They used Optical Coherence Tomography (OCT), a special scanning method already used by optometrists. It is a fast, accurate method that does not cause any discomfort.
OCT uses light beams to create a 3D scan of the retina. This can reveal details that are important for diagnosing a disease.
The researchers believe that this eye scan will make it much easier, faster and safer in the future to determine whether someone has kidney disease and how far the condition has progressed.
Symptoms do not occur
Kidney disease is a growing problem because it can arise in the wake of common health problems such as diabetes, obesity and high blood pressure.
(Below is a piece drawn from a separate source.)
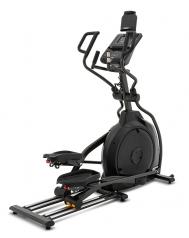 Эллиптический тренажер SPIRIT XE295BL Black Spirit Fitness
OCT scans can detect kidney disease early, which is an important advantage. Kidney disease often worsens in the early stages without you noticing, and with current methods the disease may not be discovered until half of the kidney function has been lost.
“We hope that our study, which shows that the eye provides useful insight into kidney function, can help diagnose more kidney diseases at an early stage – allowing treatment to begin before the disease gets worse,” said Neeraj Dhaun, professor of nephrology at the University of Edinburgh and a member of the Center for Cardiovascular Science.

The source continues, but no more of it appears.